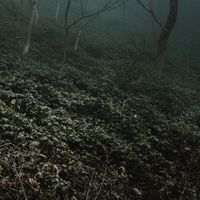 ArchitectSound - Evergreen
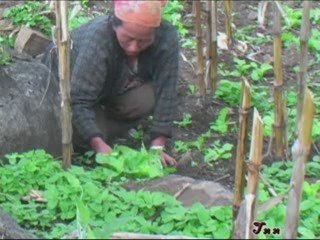 kwv txhiaj hmoob  (muas tsaav fwj )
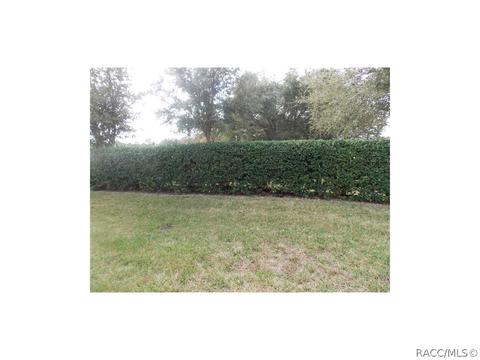 928 W Silver Meadow Loop, Hernando, FL 34442 photo 21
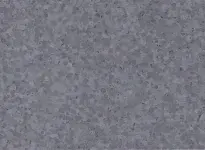 Raspberry Grey - scanmobile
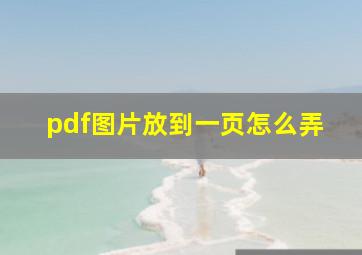 pdf图片放到一页怎么弄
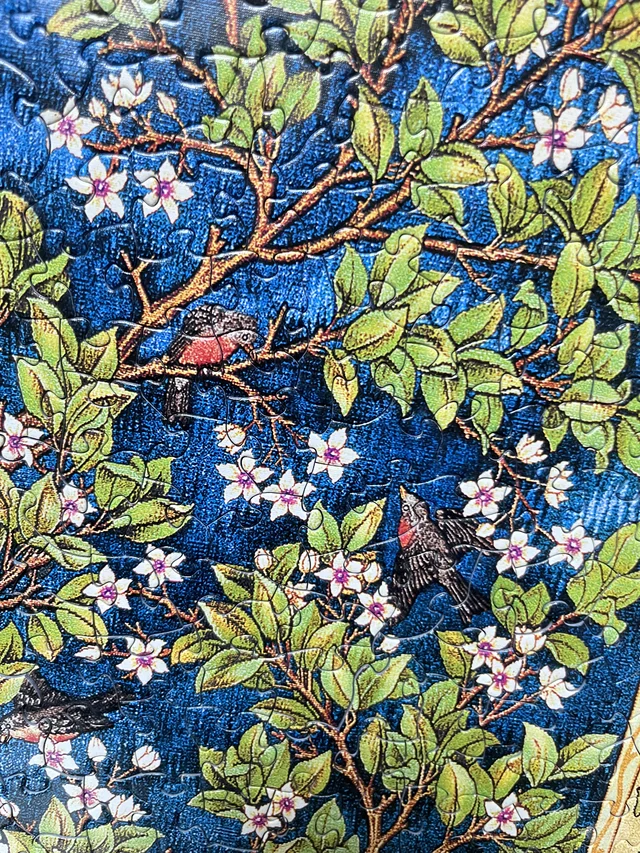 玖拾陆 没想到是异形😊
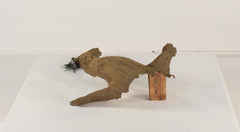 Photo of Floating Log 001 - Marquis Gardens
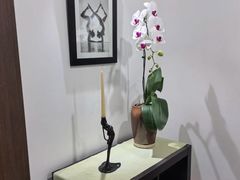 -Isofit 普拉提·婵柔工作室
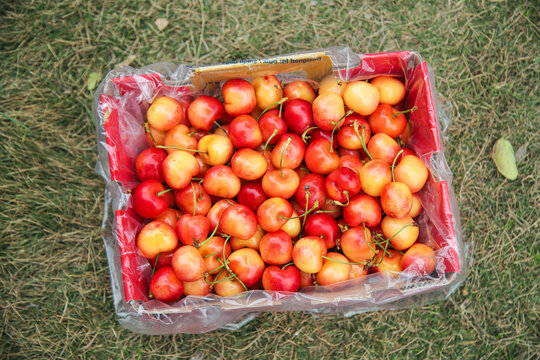 Fresh Golden Rainier Cherries in Container - Chilean Imported Fruit on Grass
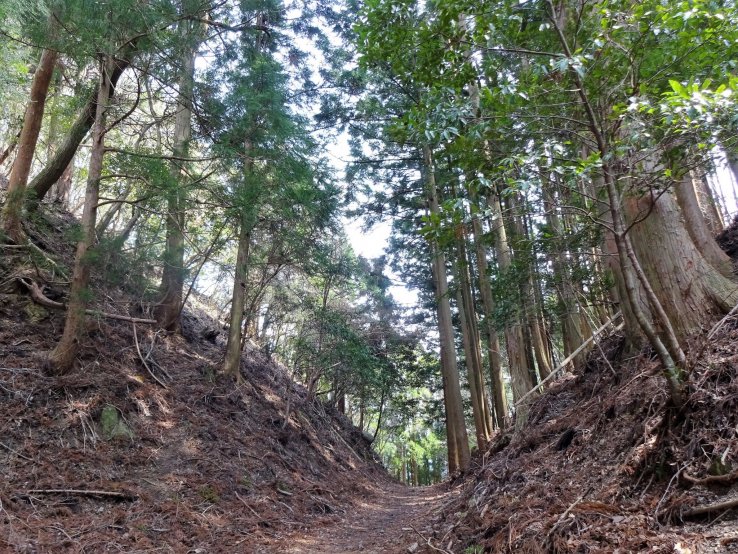Mixed forest along the Kumano Kodo pilgrimage trail. 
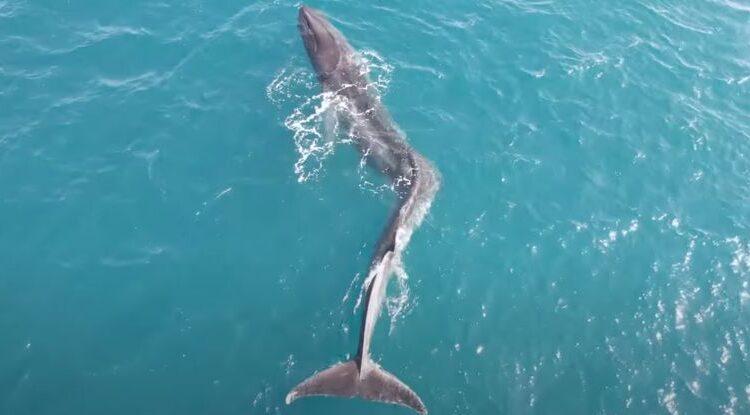 Uma enorme baleia com escoliose grave foi filmada nadando na costa espanhola
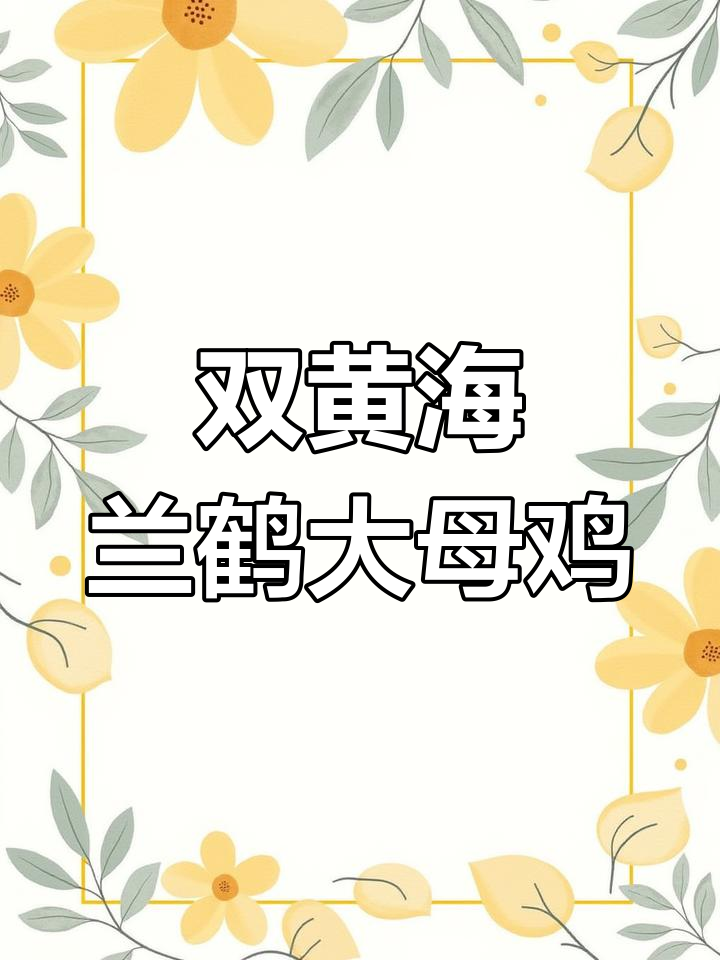 海兰褐蛋鸡:双黄高产母鸡,健康活泼,疫苗齐全
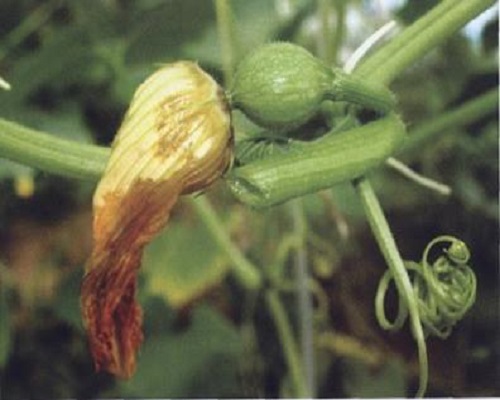 西瓜花腐病,有機(jī)水溶肥
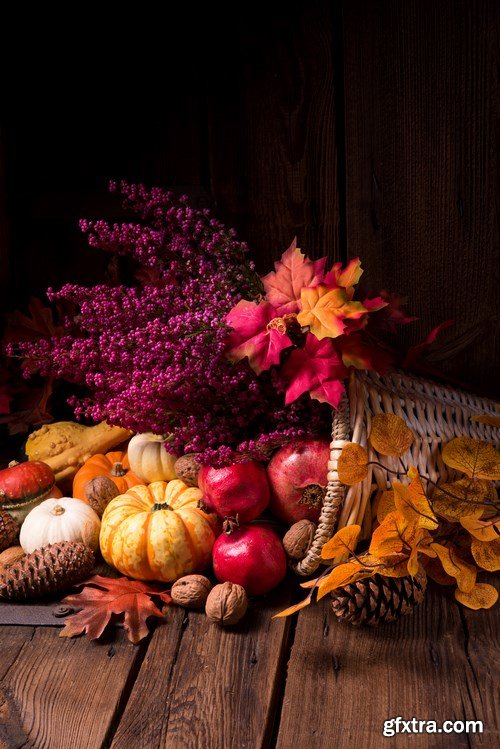 Cornucopia - Pumpkin & Apfel Basket - 29xUHQ JPEG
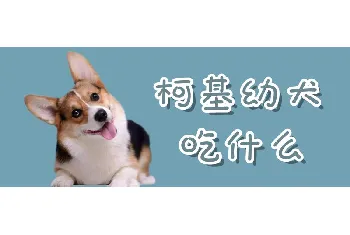 柯基幼犬吃什么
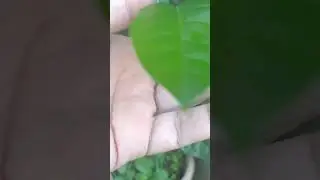 Folha com larva minadora e folha livre de ataque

▶ _What is expected_:
The required output is the lines from the one containing "海兰褐蛋鸡:双黄高产母鸡,健康活泼,疫苗齐全" through the end of the records above, reproduced exactly, with no pictures.

▶ _Response_:
 海兰褐蛋鸡:双黄高产母鸡,健康活泼,疫苗齐全
 西瓜花腐病,有機(jī)水溶肥
 Cornucopia - Pumpkin & Apfel Basket - 29xUHQ JPEG
 柯基幼犬吃什么
 Folha com larva minadora e folha livre de ataque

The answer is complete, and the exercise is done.